Comment spam is a scourge, as we all know.
I don’t claim to be an expert on these things, but I have stumbled on a set of techniques that have been 100% accurate for preventing comment spam on this blog. And, no, it’s not security through obscurity, smart ass.
I log every comment form submission, spam or not. Since I implemented my system a month ago, I have had 189 submissions. Of those, 11 were legitimate comments. The rest were spam.
All of the legitimate comments were published immediately. None of the spam comments were published. Not bad, eh?
As promised, the following slides explain in some detail the system I’ve implemented. I welcome your comments on these techniques below.
Short URL to this article:
Tweet this article!
8 comments
Thanks for your comment, Daniel. Thoughtful as always! I like the idea of inter-referring hidden fields. Greylisting is an interesting idea, though I’m not sure how to implement it. I’m not too inclined to go the cookie route as I don’t consider them reliable.
The “triskelion” is actually a 45 record spindle, also known as a generational differentiator. ;-)
Very good post Andrew. I have issues with things like Captchas especially ones with lowercase letters and numbers. Is that a one or a L?
It should be easy for a real user to post a comment. So far the I’ve only had one issue with Akismet on my blogs and that was on your comment.
I’ll likely end up having to write a comment system at some point, so I’ve bookmarked this post for when that day inevitably comes. :)
For the sake of full disclosure, I just had to delete my first false negative, a spam message that leaked through the system last night.

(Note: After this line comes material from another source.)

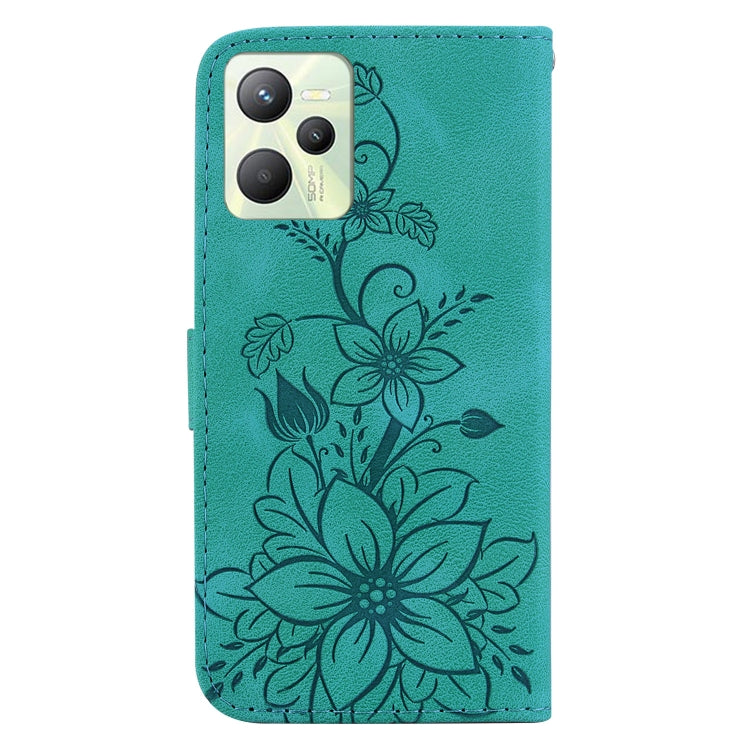 Lily Embossed Leather Phone Case, For Realme C35, For Realme 9i / A76 4G / A36, For Realme 8i, For Realme C20 / C11 2021, For Realme C21Y, For Realme 8 / 8 Pro, For Realme 8 5G Global / V13 5G, For Realme C21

So, that makes 45 days and 256 submissions (14 real, 242 spam) with just 1 failure. Not bad if that continues to be the failure rate.

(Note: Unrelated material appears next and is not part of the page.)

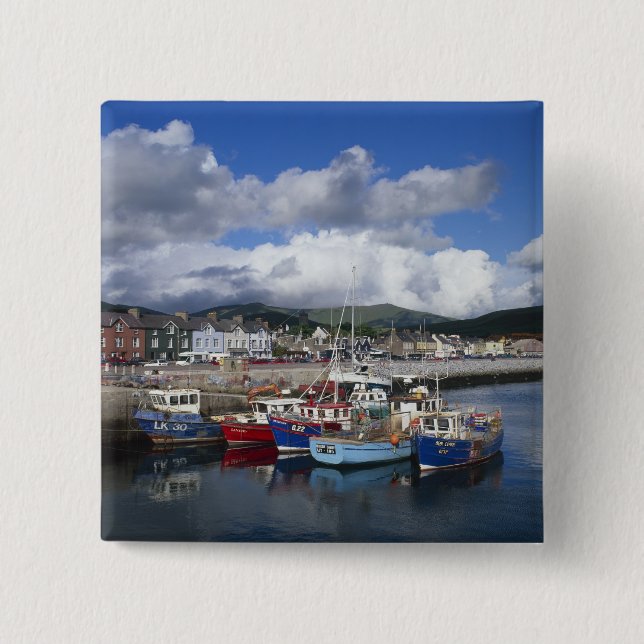 Stadt und Hafen, Dingle, Landkreis Kerry, Button (Vorderseite)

It remains to be seen whether they’ve figured it out and the arms race is on, or if the spammers just got lucky!
Hmm. I don’t mind comment moderation.
The authors of most sites on which I have commented have moderated quickly, so the delay doesn’t bother me.
On the other hand, pages of non-spam comments that were full of invective and name calling would bother me more.

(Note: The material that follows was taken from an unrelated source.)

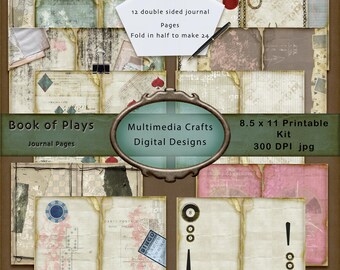 Book of Plays Journal Pages Kit, Ephemera, Cards, Tags (Digital Download)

Comment moderation also makes me bookmark sites to see what transpires.
And being inconvenienced by having to complete a captcha or wait for comment moderation are effective ways of reinforcing the message that spammers are a pain in the behind.
Update: As of March 30, 2009, 7 spam comments have slipped through my defenses and 1 legitimate comment was moderated out of 1189 total submissions. That’s a 0.67% failure rate. Pretty good.
One recent development is that my blog appears to have been targeted by real human spammers at least twice. This calls for another level of protection.
As of today, I’ve added stop words to comment submissions. Now, if certain words are present in the comment submission, the comment will be flagged for moderation.
I’ve also added a limit to the number of URLs that can be present in the comment. More than 3 links will cause the comment to be flagged for moderation.
I’ll report back in a couple of months on whether this change further reduces the failure rate.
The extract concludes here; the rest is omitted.